> [PROBLEM] Print exactly the lines below between the line holding "Apartman Perla Макарска Экстерьер фото" and the line holding "Read Insecure Herami", inclusive, and nothing more.

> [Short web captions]
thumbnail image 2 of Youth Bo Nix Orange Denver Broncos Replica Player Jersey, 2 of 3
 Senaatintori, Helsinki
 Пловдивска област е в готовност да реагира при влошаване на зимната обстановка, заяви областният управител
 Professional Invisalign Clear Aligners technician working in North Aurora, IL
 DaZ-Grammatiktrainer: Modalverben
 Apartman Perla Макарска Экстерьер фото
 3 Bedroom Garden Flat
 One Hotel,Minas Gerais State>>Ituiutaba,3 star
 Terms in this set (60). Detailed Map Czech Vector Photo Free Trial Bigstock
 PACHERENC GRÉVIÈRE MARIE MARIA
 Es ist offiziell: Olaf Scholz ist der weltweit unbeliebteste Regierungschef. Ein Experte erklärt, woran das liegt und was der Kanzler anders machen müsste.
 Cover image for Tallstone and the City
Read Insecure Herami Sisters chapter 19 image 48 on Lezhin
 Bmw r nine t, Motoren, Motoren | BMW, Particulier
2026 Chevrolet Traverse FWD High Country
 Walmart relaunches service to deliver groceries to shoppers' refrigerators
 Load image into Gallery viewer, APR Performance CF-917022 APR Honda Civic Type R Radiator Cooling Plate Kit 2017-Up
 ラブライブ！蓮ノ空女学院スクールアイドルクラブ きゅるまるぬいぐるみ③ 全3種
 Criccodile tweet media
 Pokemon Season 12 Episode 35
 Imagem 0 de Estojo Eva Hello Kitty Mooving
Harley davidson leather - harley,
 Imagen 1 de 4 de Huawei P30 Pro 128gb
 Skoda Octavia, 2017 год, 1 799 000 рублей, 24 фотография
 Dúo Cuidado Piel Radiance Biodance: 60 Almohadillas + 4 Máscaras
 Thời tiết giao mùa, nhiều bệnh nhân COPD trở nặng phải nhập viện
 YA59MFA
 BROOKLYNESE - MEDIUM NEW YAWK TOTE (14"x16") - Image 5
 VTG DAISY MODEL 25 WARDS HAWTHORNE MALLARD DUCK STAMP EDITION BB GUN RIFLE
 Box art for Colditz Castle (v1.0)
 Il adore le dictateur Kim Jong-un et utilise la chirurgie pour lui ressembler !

> [COMPLETED TASK]
 Apartman Perla Макарска Экстерьер фото
 3 Bedroom Garden Flat
 One Hotel,Minas Gerais State>>Ituiutaba,3 star
 Terms in this set (60). Detailed Map Czech Vector Photo Free Trial Bigstock
 PACHERENC GRÉVIÈRE MARIE MARIA
 Es ist offiziell: Olaf Scholz ist der weltweit unbeliebteste Regierungschef. Ein Experte erklärt, woran das liegt und was der Kanzler anders machen müsste.
 Cover image for Tallstone and the City
Read Insecure Herami Sisters chapter 19 image 48 on Lezhin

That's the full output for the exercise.